The state commission agreed.
A lesson for advocates: Reform parking within the context of things people want, like housing
Fifteen years after Sightline was among the first outlets to call attention to an odd new book by UCLA Professor Donald Shoup, The High Cost of Free Parking, there is now widespread belief among both housing advocates and environmentalists that citywide parking mandates are a bad idea.
“One-size-fits-all rules—they don’t take into account a lot of context,” said Tony Jordan, the Portland-based founder of the Parking Reform Network, a national advocacy coalition launched last year that has Shoup, among others, on its advisory board. “They don’t take into account the fact that there are a lot of households that don’t have cars. They don’t take into account that there’s a lot of existing supply [of parking space] on the streets.”
If you want to mandate off-street parking, Jordan said, “you’re going to have to cut down trees and you’re going to have to pave more surfaces.”
It’s much better, Jordan and others are arguing, to let property owners make site-specific decisions about their parking needs.
But parking reformers face a political challenge. How to eliminate parking mandates without triggering a “war on cars” freakout?

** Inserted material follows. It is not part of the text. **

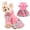Pink, variant on Dog Dresses for Small Dogs Girl Winter Pet Sweater Dress,Fluffy Puppy Hoodies, Fleece Pet Clothing Christmas,Purple XXS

By embedding their parking reforms in efforts to create more and cheaper homes, these states and cities focused attention not on what their residents stand to lose (abundant parking space) but instead on what residents stand to gain (abundant and cheaper homes).
Morris, the Eugene-Springfield tenant advocate, said that’s the way he thinks about the issue.
“Our health, our planet, our future—the benefits are really grand and the negatives are slightly less parking,” he said. “So I’ll take the pros with the con any day.”